One young artist determined to control his market is Wade Guyton, the American painter who produces canvases on inkjet printers. Last month, protesting an enormous price asked for one of his paintings at auction, he made copies of the 2005 image from the original disk and posted them on Instagram. (Prices for his paintings were stronger than ever anyway, with one bringing nearly $6 million.) Undeterred, for Art Basel he gave each of the five dealers he works with — Frederich Petzel from New York, Gió Marconi in Milan, Galerie Gisela Capitain from Cologne, Galerie Francesca Pia from Zurich and Galerie Chantal Crousel in Paris — a black painting, all the same size and all made from the same disk. They each had a $350,000 price tag, and all of them sold either on Tuesday or before.

With similar all-black works selling at auction for $1m, it seems inconceivable that Guyton was not trying to draw attention to his market and how it functions. The price might have been fixed but the mechanics of distribution were still determined by other means: access to dealers, previous acquisitions or even a collector being savvy enough to know which of his regional dealers were present and where. Guyton’s ploy is not much different from—though almost the inverse of—Banksy’s own move of setting up a stall in Central Park and selling his works to passersby. Both draw attention to how the works are sold and to whom. For Banksy, the question was whether “civilians” would care about his art; for Guyton, the issue is who gets a work and by what process as opposed to an auction where the only thing that matters is spending the most money.

With that in mind, it is worth looking at Guyton’s recent auction history to see why it has become the backdrop for Guyton’s dramatic market maneuvers. The good people at Artnet provided Guyton’s recent auction sales. From 2008 until late May of this year, only 82 works by Wade Guyton have been auctioned. That’s a tiny sample numerically and all the following conversation needs to be conducted with the caveat that these are lumpy numbers.

Guyton Avg Price v Total Sales 08-14

 

Having said that, 2014 has been a watershed for Guyton. Twice as much money has been spent on his work in the first half of the year than in all of the previous year. That money went to pay for half as many works. So while Guyton’s overall sales volume has just about doubled or increased 100%, the average price of his works has gone up nearly four fold or 240%.

That kind of acceleration can been frightening and de-stabilizing and might, perhaps, explain some of the artist’s fixation on his runaway prices.

To make matters worse, the average prices are misleading here. With so few works sold at auction—17 in 2011, 16 in 2012 and 21 in 2013—It is a handful of works that is driving the price momentum. So far this year, three flaming U works of different sizes have sold for $1m, $3.5m and $6m. That $10.5m is more than half of the total. for the year and exceeds the value of all 21 works sold in 2013.

Not everything Guyton makes is going up in value either. Three stainless steel U sculptures have appeared at auction. Two years ago in London, one of the V.5 edition made a very strong £193k ($299k.) Perhaps responding to that strong price, another version sold a year later at Phillips in New York for $365k which is a decent advance on the previous price but not a dramatic change.

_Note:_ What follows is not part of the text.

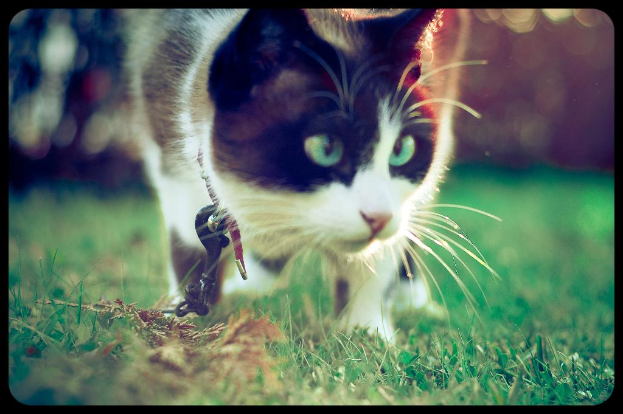 Eine Katze liegt auf dem Gras.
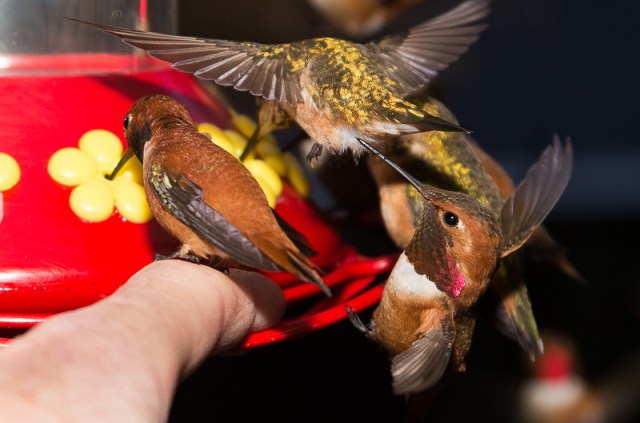 20140422-20140422-IMG_1329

Unfortunately, a slightly smaller, earlier version of the sculpture was offered in May but found no takers even as the market fought over Guyton’s other works. That sales history may show that the number of collectors who want the U sculpture is not great enough to sustain price momentum or extend demand from one series to a similar one.

Whatever the explanation, the story validates Guyton’s skepticism about the market and his emphasis on maintaining good relations with his various dealers and their clientele. Now, if he’s lucky, this work on offer at Sotheby’s will sell nicely within estimates but without too much fanfare and allow the art world to get used to his new price level but not make such a big deal about it.